As to plaintiffs' claim for replevin, defendant argues GIA will "comply with any and all requests from a law enforcement agency [or] court having jurisdiction over GIA" regarding the Diamond's ownership and that GIA is subject to jurisdiction in Hong Kong (Leiby Aff., Ex. D [NYSCEF Doc. No. 8]). Defendant argues that since GIA would comply with a Hong Kong court order directing return of the Diamond to the rightful owner, the Diamond's location is irrelevant to this action (Def. Br. at 8-9).

Defendant next argues that, should the court find it has CPLR § 302 (a) jurisdiction over defendant, plaintiffs' complaint should be dismissed based on forum non conveniens as there are at least two forums, Switzerland and Hong Kong, which have greater interests in adjudicating this matter as plaintiffs' claims arise from events in these venues, and a pending action regarding the Diamond's ownership already exists in Hong Kong (id. at 9).

When considering a dismissal pursuant to forum non conveniens, courts consider: (i) the existence of an adequate alternative forum; (ii) situs of the underlying transaction; (iii) residency of the parties; (iv) potential hardship to the defendant; (v) location of documents; (vi) location of a majority of the witnesses; and (vii) the burden on New York courts (see Islamic Republic of Iran v Pahlavi, 62 NY2d 474, 477, 478 [1984]). As to existence of an alternative forum, defendant points to the ongoing suit in Hong Kong. The First Department has previously found the Hong Kong court to be an adequate alternative forum (see Tetra Fin. (HK) Limited v Patry, 115 AD2d 408, 409 [1st Dept 1985]).
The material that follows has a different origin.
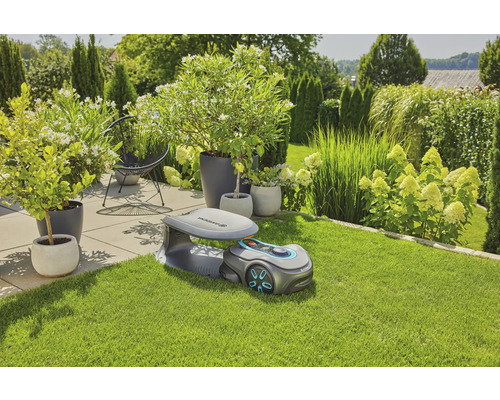 Scen med Gardena robotgräsklippare på gräsmatta, med växter och buskar i bakgrunden.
As to the underlying transaction's situs, defendant points out the alleged theft occurred in Geneva, Switzerland and the Diamond was purchased by defendant in Hong Kong (Def. Br. at 10). Defendant further states that documents and witnesses relating to plaintiffs' claim that defendant was not a good faith purchaser are also located in Switzerland and Hong Kong, making production of witnesses and documents in a New York suit burdensome for defendant (id. at 10-11). Defendant argues New York has no interest in adjudicating this matter as neither plaintiffs nor defendant are residents of New York (see Garmendia v O'Neill, 46 AD3d 361, 362 [1st Dept 2007]; Phat Tan Nguyen v Banque Indosuez, 19 AD3d 292, 295 [1st Dept 2005]; Al Nyman & Son, Inc. v United States Lines, Inc., 44 AD2d 516, 516 [1st Dept 1974]; Tetra fin. (HK) Limited v Patry, 115 AD2d 408, 409 [1st Dept 1985]; Crowley v Guardsmark, Inc., 64 AD2d 593, 593 [1st Dept 1978]).
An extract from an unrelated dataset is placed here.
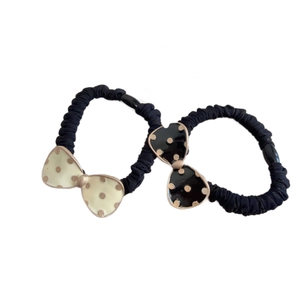 Set of two polka dot bow hair ties with pleated black fabric and enamel charms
Finally, defendant requests that, should this court not dismiss the complaint, the action be stayed pending resolution of the Hong Kong case pursuant to CPLR § 2201 as Hong Kong is the proper venue to ascertain whether plaintiff acquired good title to the Diamond (Def. Br. at 12-13).

B. Plaintiffs' Arguments

Plaintiffs urge the court to deny defendant's motion because M&B is subject to personal jurisdiction in New York pursuant to CPLR § 302 (a)(1) (Pl. Br. at 1 [NYSCEF Doc. No. 23]). A defendant's physical presence in New York is not needed to obtain personal jurisdiction under CPLR § 302 (a)(1) but, instead, proof of just one transaction in New York is sufficient to invoke jurisdiction provided that the defendant's activities were purposeful and a substantial relationship between the transaction and the claim asserted exists (id. at 2; see Deutsche Bank Sec., Inc. v Montana Bd. of Invs., 7 NY3d 65 [Ct. App. 2006]; Kreutter v McFadden Oil Corp., 71 NY2d 460).
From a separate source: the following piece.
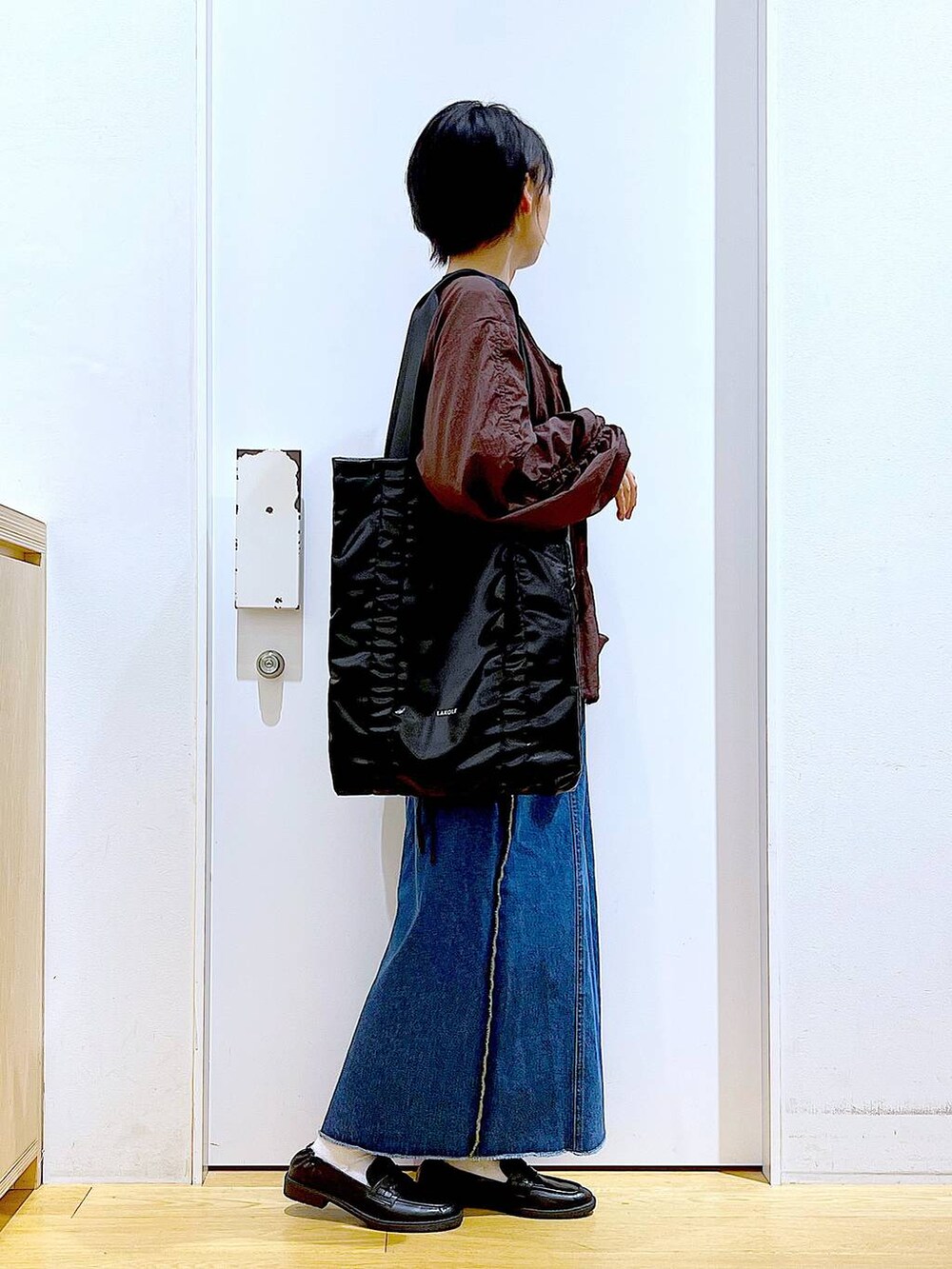 ブラック系のローファー、ブルー系のデニムスカート、ブラック系のTシャツ/カットソーを着用したレディースの秋コーディネートの4枚目の写真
Plaintiffs assert the complaint plainly alleges M&B transacts business in New York by regularly sending diamonds to be professionally graded at GIA's offices in New York (Pl. Br. at 3; Compl. ¶ 3). Plaintiffs argue the complaint further states M&B specifically sent the Diamond to GIA's New York offices for grading in April 2019 and that, upon analysis, GIA determined the Diamond was the same stolen from plaintiff (Compl. ¶¶ 18, 19, 22-23). Consequently, plaintiffs argue the complaint alleges facts sufficient to warrant personal jurisdiction over M&B in New York as M&B voluntarily sent the Diamond from Hong Kong to New York (Pl. Br. at 4). Plaintiffs argue M&B concedes these facts in the affidavit of M&B's principal, Roi Sheinfeld (id.; Sheinfeld Aff. [NYSCEF Doc. No. 7]). Plaintiffs argue GIA sent multiple correspondences to Mr. Sheinfeld from GIA's New York office advising him as to the Diamond's contested ownership (Pl. Br. at 4-5; Richman Aff. [NYSCEF Doc. No. 15]).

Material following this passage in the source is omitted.